Elmore County Food Pantry donation

Submitted / The Herald

Elmore County Food Pantry board member Gwen Turner, clockwise from top left, Mike Waters and volunteers Ty Ferrell and Karla Hall prepare to unload a delivery of hams donated

Helping in times of need is the reason why Elmore County Veterans Group (ECVG) was formed. The past few weeks, the group and the Elmore County NAACP provided needed assistance to those in the community which depends on the Elmore County Food Pantry.

What started as an idea to provide food and funding to the county food pantry turned into more than one person could have imagined.

Retired Air Force veteran Mike Waters had a chance encounter with a grocery manager of the commissary at Maxwell Air Force Base in Montgomery.

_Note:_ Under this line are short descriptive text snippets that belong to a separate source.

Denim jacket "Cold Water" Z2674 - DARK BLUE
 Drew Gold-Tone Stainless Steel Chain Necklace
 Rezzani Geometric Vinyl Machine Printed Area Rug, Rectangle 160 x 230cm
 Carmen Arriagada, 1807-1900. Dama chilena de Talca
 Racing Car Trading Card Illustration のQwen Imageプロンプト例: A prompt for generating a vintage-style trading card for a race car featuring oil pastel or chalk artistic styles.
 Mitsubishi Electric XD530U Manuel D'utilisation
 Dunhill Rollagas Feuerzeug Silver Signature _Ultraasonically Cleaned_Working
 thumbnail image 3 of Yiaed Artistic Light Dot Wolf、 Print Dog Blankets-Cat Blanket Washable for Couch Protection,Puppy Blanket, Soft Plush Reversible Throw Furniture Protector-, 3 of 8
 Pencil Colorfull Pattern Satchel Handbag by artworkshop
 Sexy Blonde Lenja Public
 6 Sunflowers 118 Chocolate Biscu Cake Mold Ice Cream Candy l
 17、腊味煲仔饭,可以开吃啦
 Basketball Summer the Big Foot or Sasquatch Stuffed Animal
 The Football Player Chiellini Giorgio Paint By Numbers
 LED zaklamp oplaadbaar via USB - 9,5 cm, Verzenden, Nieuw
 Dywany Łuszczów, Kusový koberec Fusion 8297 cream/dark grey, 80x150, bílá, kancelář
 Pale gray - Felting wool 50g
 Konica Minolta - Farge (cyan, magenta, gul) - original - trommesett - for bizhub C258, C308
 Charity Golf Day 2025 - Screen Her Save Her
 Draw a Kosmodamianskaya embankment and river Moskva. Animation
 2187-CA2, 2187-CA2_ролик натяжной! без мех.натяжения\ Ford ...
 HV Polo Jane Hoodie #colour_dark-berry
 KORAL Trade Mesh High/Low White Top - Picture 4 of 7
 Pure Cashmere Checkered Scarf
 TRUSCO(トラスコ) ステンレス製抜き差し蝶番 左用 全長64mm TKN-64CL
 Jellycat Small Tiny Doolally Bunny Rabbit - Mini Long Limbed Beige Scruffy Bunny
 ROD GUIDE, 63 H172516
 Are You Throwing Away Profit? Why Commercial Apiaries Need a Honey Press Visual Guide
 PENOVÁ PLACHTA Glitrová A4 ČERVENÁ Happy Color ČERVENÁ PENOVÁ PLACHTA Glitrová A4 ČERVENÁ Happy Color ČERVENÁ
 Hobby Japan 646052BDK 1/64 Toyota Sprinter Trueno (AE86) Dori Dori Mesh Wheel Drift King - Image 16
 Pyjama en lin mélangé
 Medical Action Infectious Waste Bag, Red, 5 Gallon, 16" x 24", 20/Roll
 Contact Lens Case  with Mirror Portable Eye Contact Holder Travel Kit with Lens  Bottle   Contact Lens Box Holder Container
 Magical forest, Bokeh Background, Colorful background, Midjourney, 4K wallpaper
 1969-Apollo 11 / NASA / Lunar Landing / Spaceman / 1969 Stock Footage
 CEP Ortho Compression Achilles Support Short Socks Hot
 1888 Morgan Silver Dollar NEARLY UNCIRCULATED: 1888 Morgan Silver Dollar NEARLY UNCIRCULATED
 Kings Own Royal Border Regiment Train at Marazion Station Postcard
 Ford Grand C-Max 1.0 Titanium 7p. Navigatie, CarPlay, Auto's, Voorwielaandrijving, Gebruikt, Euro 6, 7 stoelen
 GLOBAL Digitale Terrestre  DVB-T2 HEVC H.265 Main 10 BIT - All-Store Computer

“I visited the commissary where I met Evelyn Russell,” Waters said. “She turned out to be a godsend. She informed me that they had three pallets of food items in their warehouse.”

Those pallets of food were originally destined for the Montgomery Area Food Bank, but Russell told Waters the food bank stopped collecting food due to the coronavirus outbreak.

“Ms. Russell told me that if I could provide transportation she would release the pallets to the Elmore County Food Pantry which I quickly did,” Waters said.

Food pantry director Kathy Hall said her initial thought when Waters pulled up with the first delivery was one of gratitude.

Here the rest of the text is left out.